Where the line containing "5710 Roosevelt Way" appears in the records below, begin there and write out each line exactly until the last one, and nothing more.

--- Exercise data Enclosed Below ---

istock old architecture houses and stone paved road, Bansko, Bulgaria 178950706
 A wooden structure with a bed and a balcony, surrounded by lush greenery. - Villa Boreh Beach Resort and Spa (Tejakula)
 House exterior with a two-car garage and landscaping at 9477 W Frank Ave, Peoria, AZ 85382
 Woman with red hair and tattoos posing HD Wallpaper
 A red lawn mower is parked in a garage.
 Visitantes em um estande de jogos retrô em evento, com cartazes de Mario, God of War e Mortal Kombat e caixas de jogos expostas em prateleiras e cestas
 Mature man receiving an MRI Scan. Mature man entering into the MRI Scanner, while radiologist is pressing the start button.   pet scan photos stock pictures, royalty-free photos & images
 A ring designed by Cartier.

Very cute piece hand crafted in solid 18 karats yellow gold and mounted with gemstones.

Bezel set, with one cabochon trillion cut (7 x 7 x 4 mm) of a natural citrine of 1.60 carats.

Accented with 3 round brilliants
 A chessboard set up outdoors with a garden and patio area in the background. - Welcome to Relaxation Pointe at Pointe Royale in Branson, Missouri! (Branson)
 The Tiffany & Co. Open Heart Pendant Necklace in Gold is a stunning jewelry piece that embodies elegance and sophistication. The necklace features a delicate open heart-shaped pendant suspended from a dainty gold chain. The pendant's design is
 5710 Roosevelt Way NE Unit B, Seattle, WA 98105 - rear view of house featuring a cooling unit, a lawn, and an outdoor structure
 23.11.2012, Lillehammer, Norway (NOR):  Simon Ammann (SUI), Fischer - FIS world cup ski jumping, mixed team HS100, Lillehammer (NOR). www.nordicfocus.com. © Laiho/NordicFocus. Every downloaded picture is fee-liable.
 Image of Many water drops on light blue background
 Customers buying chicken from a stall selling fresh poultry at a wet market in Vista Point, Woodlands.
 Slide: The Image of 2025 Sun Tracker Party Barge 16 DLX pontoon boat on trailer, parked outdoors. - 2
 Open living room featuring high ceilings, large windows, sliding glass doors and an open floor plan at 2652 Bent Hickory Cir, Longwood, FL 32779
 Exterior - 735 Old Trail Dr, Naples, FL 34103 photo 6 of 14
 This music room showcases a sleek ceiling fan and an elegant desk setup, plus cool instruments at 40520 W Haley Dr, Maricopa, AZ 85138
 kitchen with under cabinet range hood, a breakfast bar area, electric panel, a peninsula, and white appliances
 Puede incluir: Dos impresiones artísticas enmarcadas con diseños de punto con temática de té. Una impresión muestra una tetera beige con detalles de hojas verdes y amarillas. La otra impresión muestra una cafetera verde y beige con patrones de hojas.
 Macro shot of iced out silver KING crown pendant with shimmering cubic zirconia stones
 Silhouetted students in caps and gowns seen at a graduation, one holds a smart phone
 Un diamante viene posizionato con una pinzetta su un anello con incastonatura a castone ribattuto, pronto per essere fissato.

--- End of Enclosed Exercise data ---

> **Solution below**:
 5710 Roosevelt Way NE Unit B, Seattle, WA 98105 - rear view of house featuring a cooling unit, a lawn, and an outdoor structure
 23.11.2012, Lillehammer, Norway (NOR):  Simon Ammann (SUI), Fischer - FIS world cup ski jumping, mixed team HS100, Lillehammer (NOR). www.nordicfocus.com. © Laiho/NordicFocus. Every downloaded picture is fee-liable.
 Image of Many water drops on light blue background
 Customers buying chicken from a stall selling fresh poultry at a wet market in Vista Point, Woodlands.
 Slide: The Image of 2025 Sun Tracker Party Barge 16 DLX pontoon boat on trailer, parked outdoors. - 2
 Open living room featuring high ceilings, large windows, sliding glass doors and an open floor plan at 2652 Bent Hickory Cir, Longwood, FL 32779
 Exterior - 735 Old Trail Dr, Naples, FL 34103 photo 6 of 14
 This music room showcases a sleek ceiling fan and an elegant desk setup, plus cool instruments at 40520 W Haley Dr, Maricopa, AZ 85138
 kitchen with under cabinet range hood, a breakfast bar area, electric panel, a peninsula, and white appliances
 Puede incluir: Dos impresiones artísticas enmarcadas con diseños de punto con temática de té. Una impresión muestra una tetera beige con detalles de hojas verdes y amarillas. La otra impresión muestra una cafetera verde y beige con patrones de hojas.
 Macro shot of iced out silver KING crown pendant with shimmering cubic zirconia stones
 Silhouetted students in caps and gowns seen at a graduation, one holds a smart phone
 Un diamante viene posizionato con una pinzetta su un anello con incastonatura a castone ribattuto, pronto per essere fissato.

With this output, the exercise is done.